→ Exercise
Below is a listing with pictures in it; transcribe exactly the lines from the one that has "A display of" through the one that has "A modern hotel", and omit those pictures.

→ Extracted material
╭──
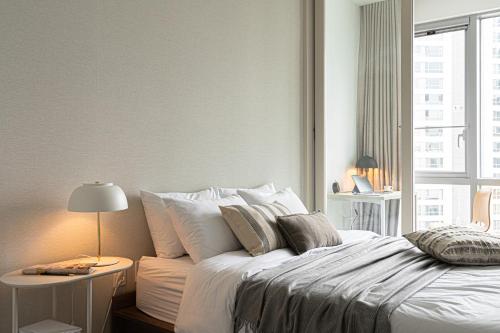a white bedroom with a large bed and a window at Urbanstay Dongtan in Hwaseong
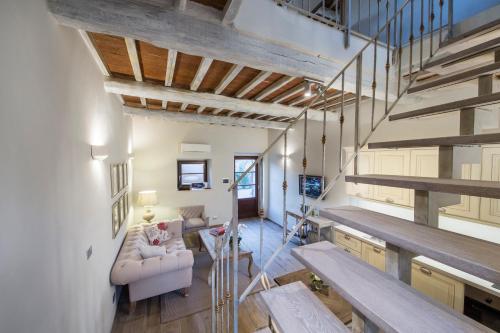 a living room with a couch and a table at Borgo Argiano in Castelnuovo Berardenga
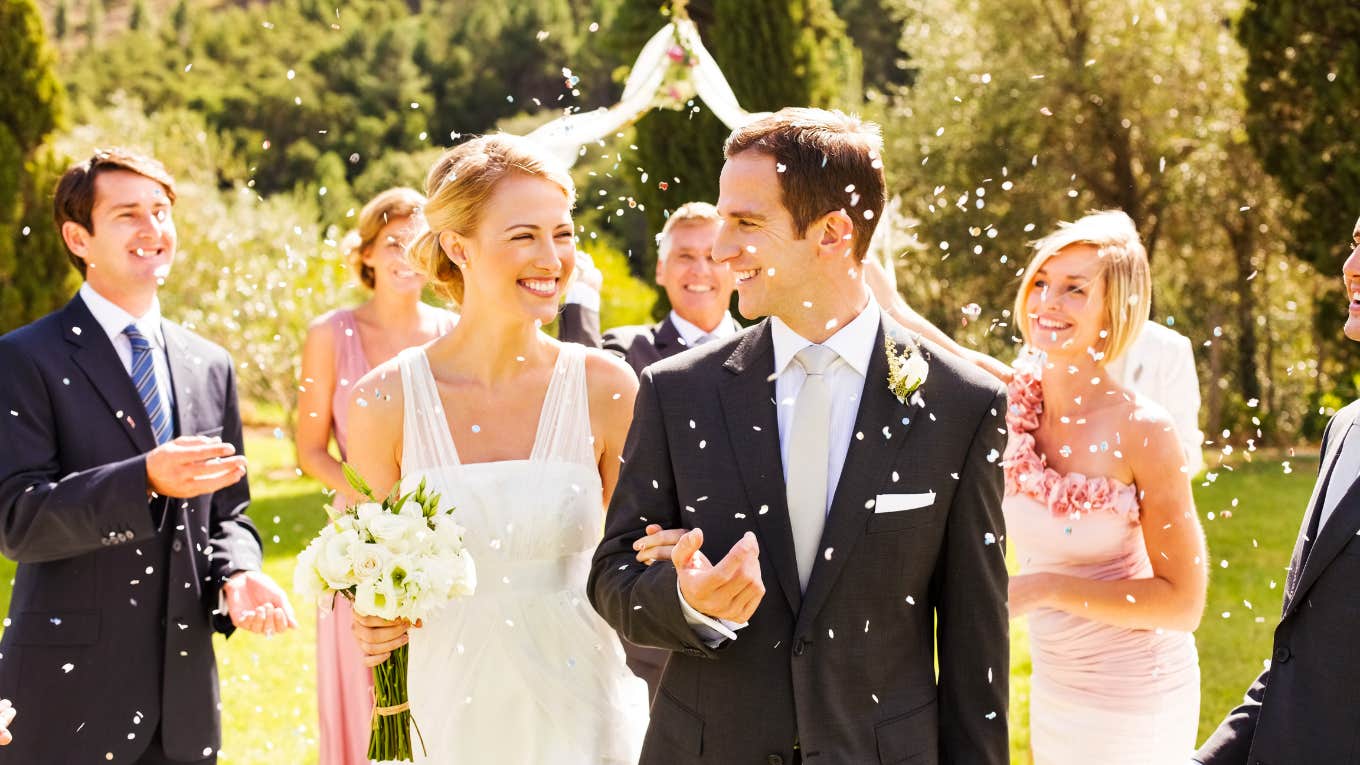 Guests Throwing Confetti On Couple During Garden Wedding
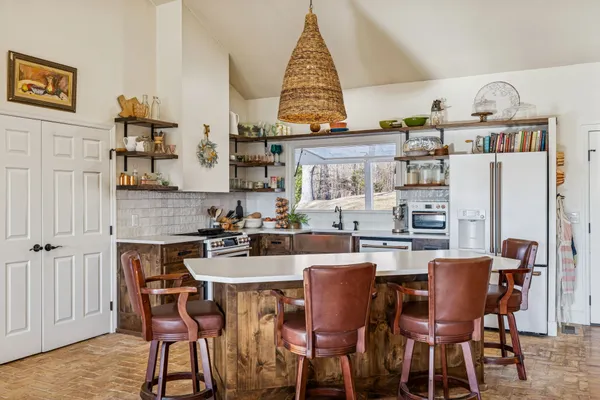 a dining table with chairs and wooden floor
╰──
╭──
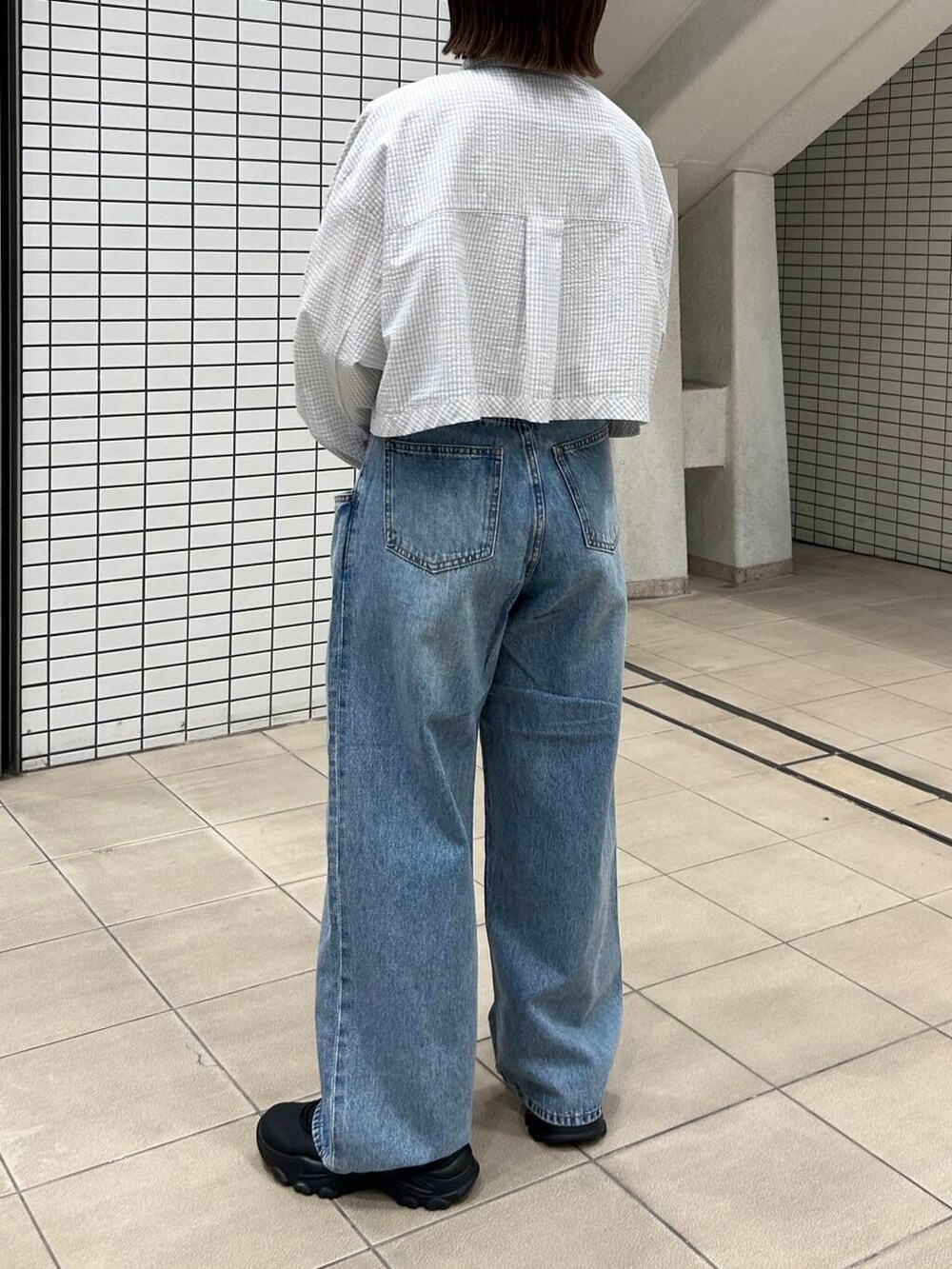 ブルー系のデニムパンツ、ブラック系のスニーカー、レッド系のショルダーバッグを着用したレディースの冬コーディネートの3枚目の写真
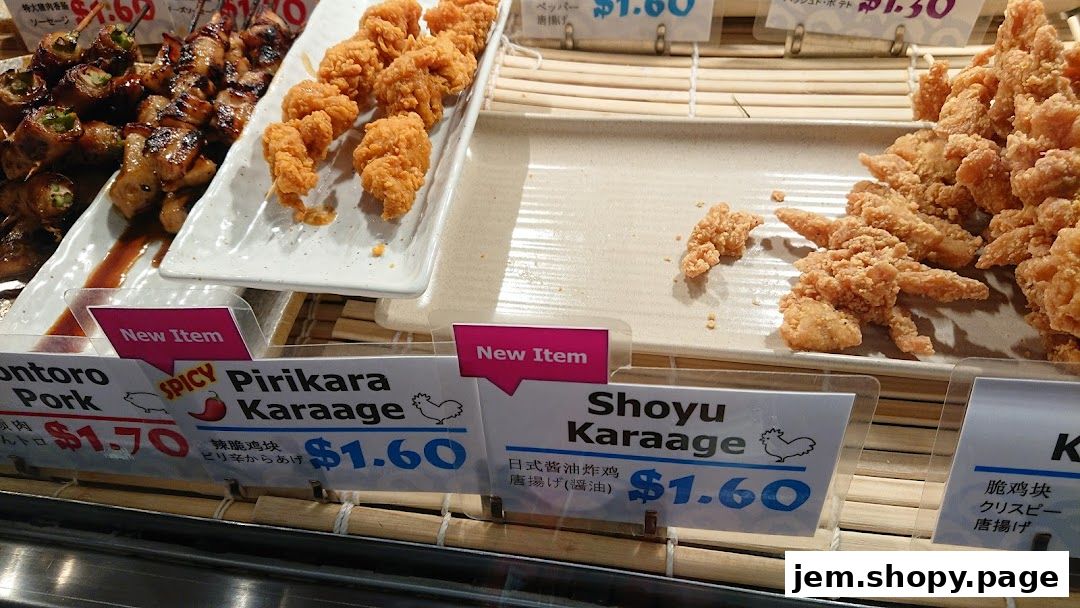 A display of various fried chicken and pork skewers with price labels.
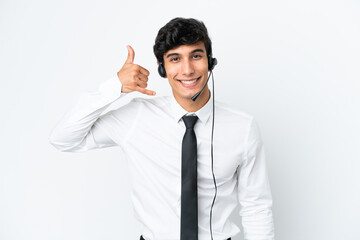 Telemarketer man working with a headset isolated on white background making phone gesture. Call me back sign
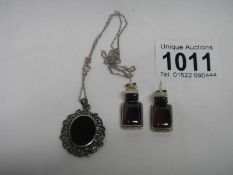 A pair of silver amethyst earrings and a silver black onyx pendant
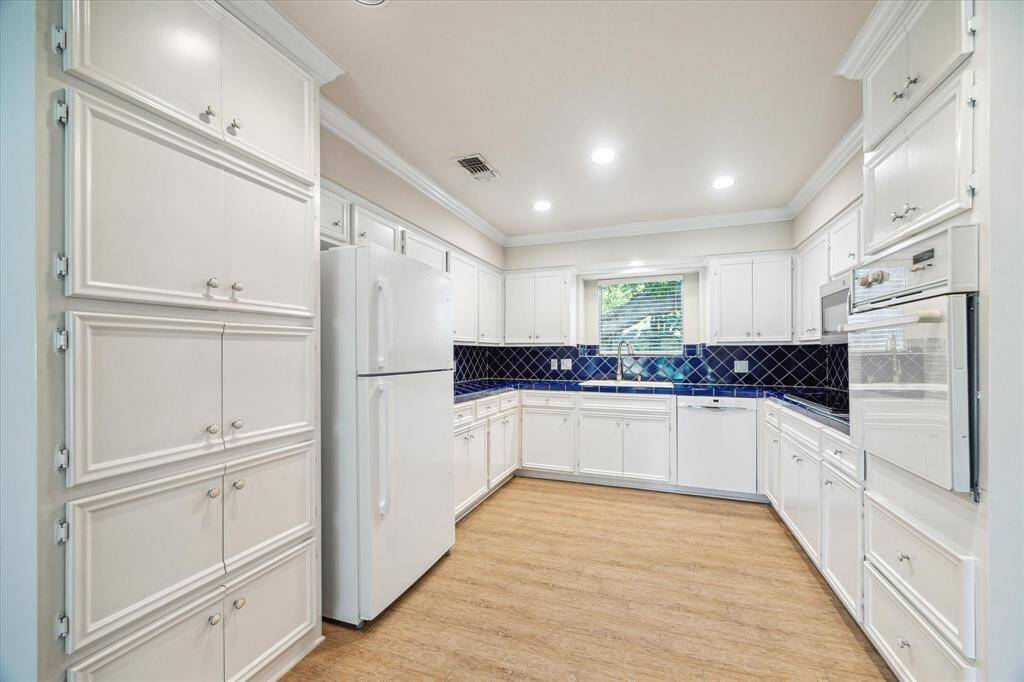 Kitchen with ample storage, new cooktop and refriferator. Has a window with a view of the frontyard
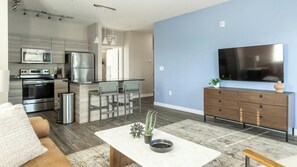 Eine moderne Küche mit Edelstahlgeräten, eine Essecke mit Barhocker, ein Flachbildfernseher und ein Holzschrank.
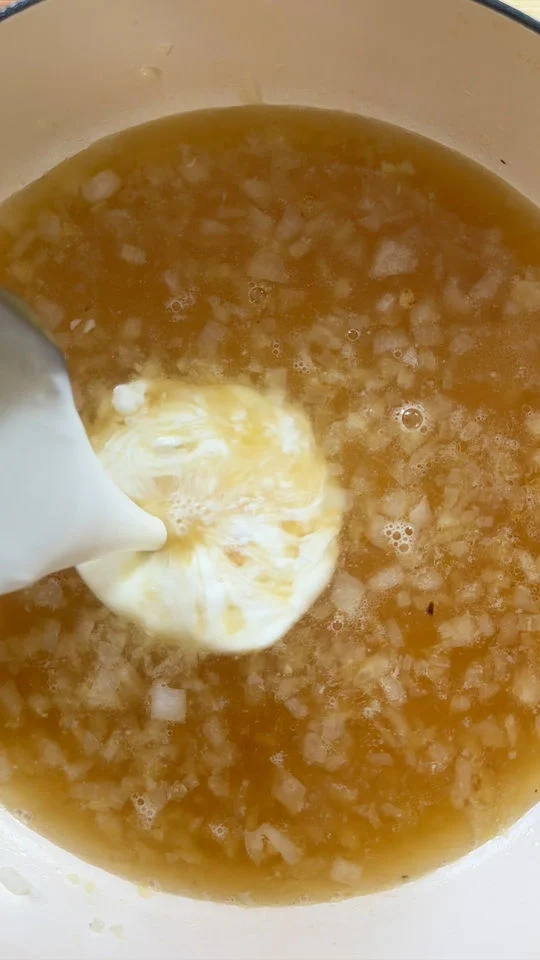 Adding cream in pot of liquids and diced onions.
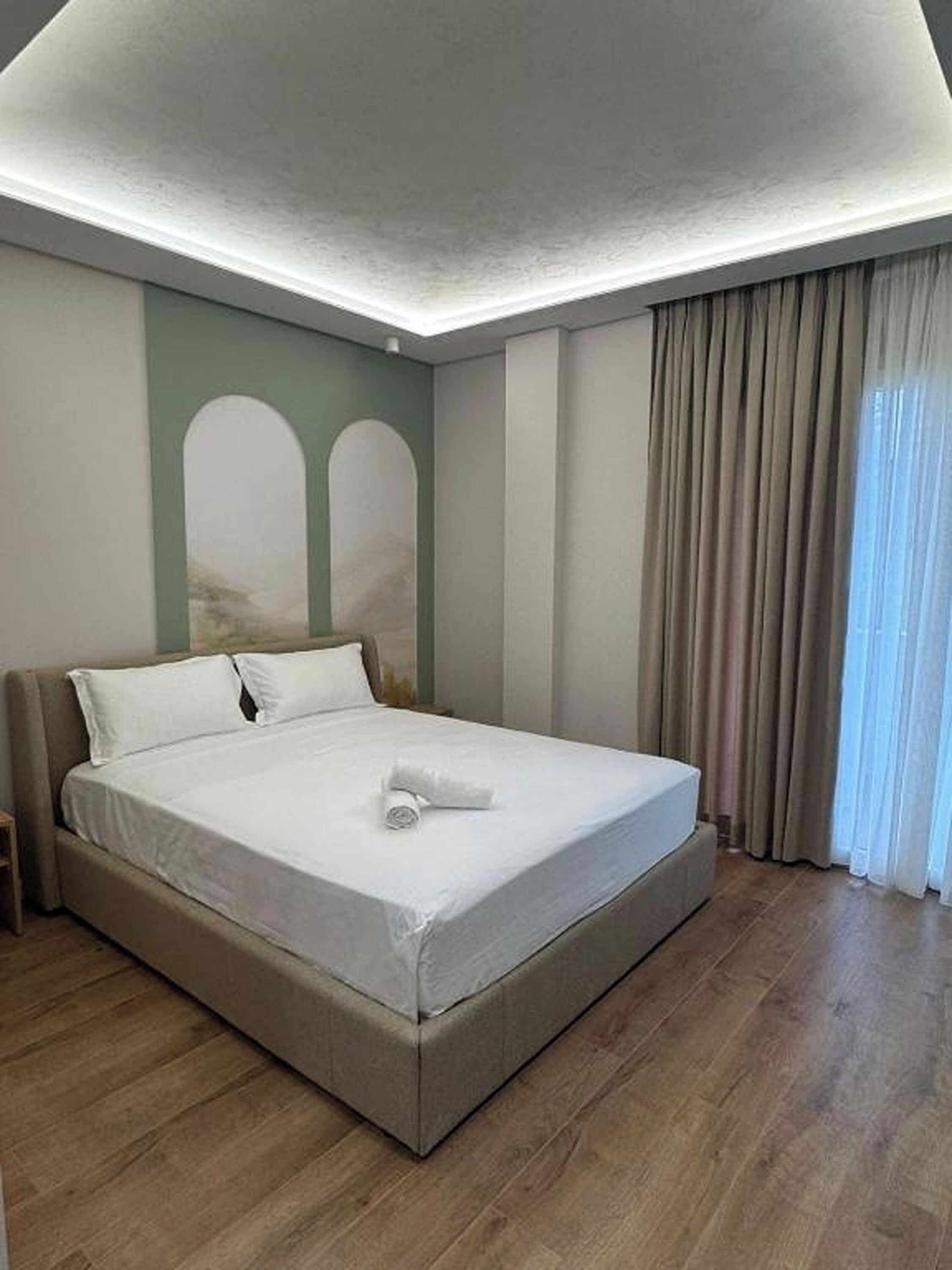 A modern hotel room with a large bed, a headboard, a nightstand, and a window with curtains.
╰──
→ Expected output
 A display of various fried chicken and pork skewers with price labels.
 Telemarketer man working with a headset isolated on white background making phone gesture. Call me back sign
 A pair of silver amethyst earrings and a silver black onyx pendant
 Kitchen with ample storage, new cooktop and refriferator. Has a window with a view of the frontyard
 Eine moderne Küche mit Edelstahlgeräten, eine Essecke mit Barhocker, ein Flachbildfernseher und ein Holzschrank.
 Adding cream in pot of liquids and diced onions.
 A modern hotel room with a large bed, a headboard, a nightstand, and a window with curtains.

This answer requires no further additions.